Sana bunları anlatıyorum çünkü, herşeyden öte biliyorum ki ben yaralarımı bir tek sana açıyorum. Sen sarıyorsun ben biliyorum. Her gece uyuduğumda yaralarımı iyileştirmek için sızlatan senin ellerin. Âh ellerin, kalbini avuçlarında taşıyan ellerin. Kalbinden öpüyorum.

Âh o gün Yusuf. Evinin önünde ki Bir telefon kulubesinin ardına saklanmıştım. Saat gecenin kaçıydı hatırlamıyorum. Babam benim uyuduğumu zannediyordu. Zaten Annemi rüyamda gördüğüm için, çıkmıştım. Âh Ben senin gecenin bir vaktinde pencerede ağladığını neden bilmiyordum? Senin her bir gözyaşında sen ağladığında, gökyüzüne bir kara bulut beliriyordu. Ellerin başının iki yanında çocuğunu kaybetmiş bir Anne gibiydin. Sanırım bende yanlış sokağa adım atmış o kayıp çocuk gibiydim. Benim kalbim seni elindeydi Yusuf, sen gözyaşını avuçlarınla silerdin, benim senin gözyaşlarınla, kalp atışım değişirdi.

O an yaptığımdan hâlâ pişman değilim. Tam pencerenin altına geçip, avuçlarımı sen görmesen de dua edermiş gibi açmıştım. Sen öyle içli ağlıyordun ki, bir an yutkunduğum gözyaşlarım tarafından kuşatılacağım zannetmiştim. Bilirsin, ben kırgın bir çocuğum senin gözyaşların beni yıkar.

Âh evet o an, pencerenden avuçlarıma damlayan o gözyaşın. Senin bunu bilmeyişin. Benim senin gözyaşlarının durduktan sonra içeri geçişini fark etmeyişim. Titreyişim. Senin hissettiğim ilk parçan. Avuçlarıma düşen ilk yara. Avuçlarıma açılan oyuk. Avuçlarımı kalbime bastırıp, sıcak yağmurunu hissettiğim o an.
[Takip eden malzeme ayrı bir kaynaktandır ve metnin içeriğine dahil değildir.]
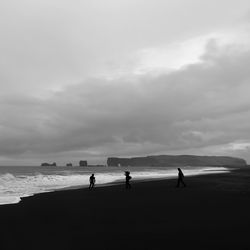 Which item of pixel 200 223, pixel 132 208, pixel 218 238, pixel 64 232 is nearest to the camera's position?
pixel 218 238

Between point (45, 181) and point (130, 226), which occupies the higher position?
point (45, 181)

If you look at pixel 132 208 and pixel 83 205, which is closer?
pixel 132 208

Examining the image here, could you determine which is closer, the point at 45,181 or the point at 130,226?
the point at 130,226

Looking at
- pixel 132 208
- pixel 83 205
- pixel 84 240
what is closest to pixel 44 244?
pixel 84 240

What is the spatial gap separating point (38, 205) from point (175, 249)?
38.9 feet

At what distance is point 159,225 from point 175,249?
10.8ft

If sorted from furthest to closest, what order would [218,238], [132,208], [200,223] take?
[132,208]
[200,223]
[218,238]

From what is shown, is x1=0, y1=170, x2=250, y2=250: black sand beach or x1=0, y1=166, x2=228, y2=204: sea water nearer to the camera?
x1=0, y1=170, x2=250, y2=250: black sand beach

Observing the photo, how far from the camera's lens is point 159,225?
39.3 feet

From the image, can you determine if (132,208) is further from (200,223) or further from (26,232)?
(26,232)

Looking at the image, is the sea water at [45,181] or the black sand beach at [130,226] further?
the sea water at [45,181]

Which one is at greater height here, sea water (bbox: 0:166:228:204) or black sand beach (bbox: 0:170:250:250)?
sea water (bbox: 0:166:228:204)

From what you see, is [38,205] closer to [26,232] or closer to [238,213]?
[26,232]

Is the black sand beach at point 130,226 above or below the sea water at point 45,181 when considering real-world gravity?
below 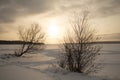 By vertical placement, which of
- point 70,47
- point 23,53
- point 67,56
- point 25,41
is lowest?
point 23,53

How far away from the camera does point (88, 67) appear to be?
12.8 meters

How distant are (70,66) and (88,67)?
1.76 m

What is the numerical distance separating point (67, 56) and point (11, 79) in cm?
539

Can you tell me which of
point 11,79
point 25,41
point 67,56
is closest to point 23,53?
point 25,41

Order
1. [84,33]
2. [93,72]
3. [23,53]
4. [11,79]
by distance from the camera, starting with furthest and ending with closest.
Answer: [23,53] → [93,72] → [84,33] → [11,79]

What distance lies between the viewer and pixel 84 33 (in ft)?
37.8

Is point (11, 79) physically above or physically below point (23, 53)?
above

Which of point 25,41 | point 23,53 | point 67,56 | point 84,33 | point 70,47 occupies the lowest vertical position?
point 23,53

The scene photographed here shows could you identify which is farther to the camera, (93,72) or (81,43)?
(93,72)

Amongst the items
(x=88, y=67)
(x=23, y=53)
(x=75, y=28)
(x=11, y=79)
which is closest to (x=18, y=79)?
(x=11, y=79)

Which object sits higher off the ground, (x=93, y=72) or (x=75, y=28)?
(x=75, y=28)

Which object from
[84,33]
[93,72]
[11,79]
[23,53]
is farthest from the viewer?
[23,53]

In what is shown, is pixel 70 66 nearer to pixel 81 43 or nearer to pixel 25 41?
pixel 81 43

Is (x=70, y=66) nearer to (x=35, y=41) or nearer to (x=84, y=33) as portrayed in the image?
(x=84, y=33) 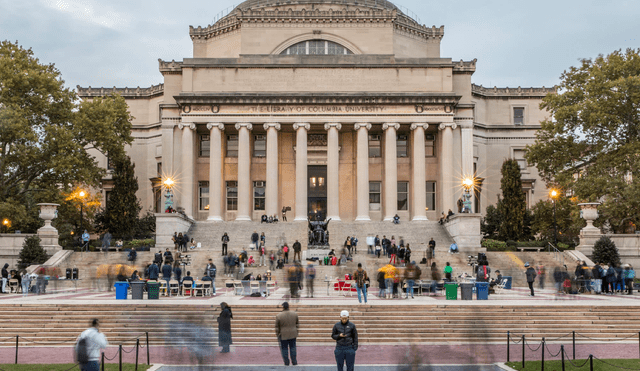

Sana söylemiştim. Sana herşeyi anlatacağım. Biliyor musun? Sana yazdığım ilk kelime şuydu; 'Ben bir Bulutum çocukluğumu unuttum. Sen bir çocuktun uçurtmanı uçurdun. Düşün ben çocukluğumu gökyüzünde, sen uçurtmanda unuttun.'

Bayım, gökyüzüm olduğunuzu kabul ediyorum. Bayım, Ben size bir Bulutum. Siz yağmurumsunuz. İçi sizin gözyaşlarınızla doldu. Siz ağladınız ben aktım.

Uçurtmamızı bulacağız Yusuf. Çocukluğumuzu bulacağız.

-Beşinci Mektup, beşinci oyuk. Olmayanın hatırasına. Altıncı mektup uçurtmayı tutan çocuğun avuçlarındadır.

Kendine iyi bak, kendinize iyi bakın.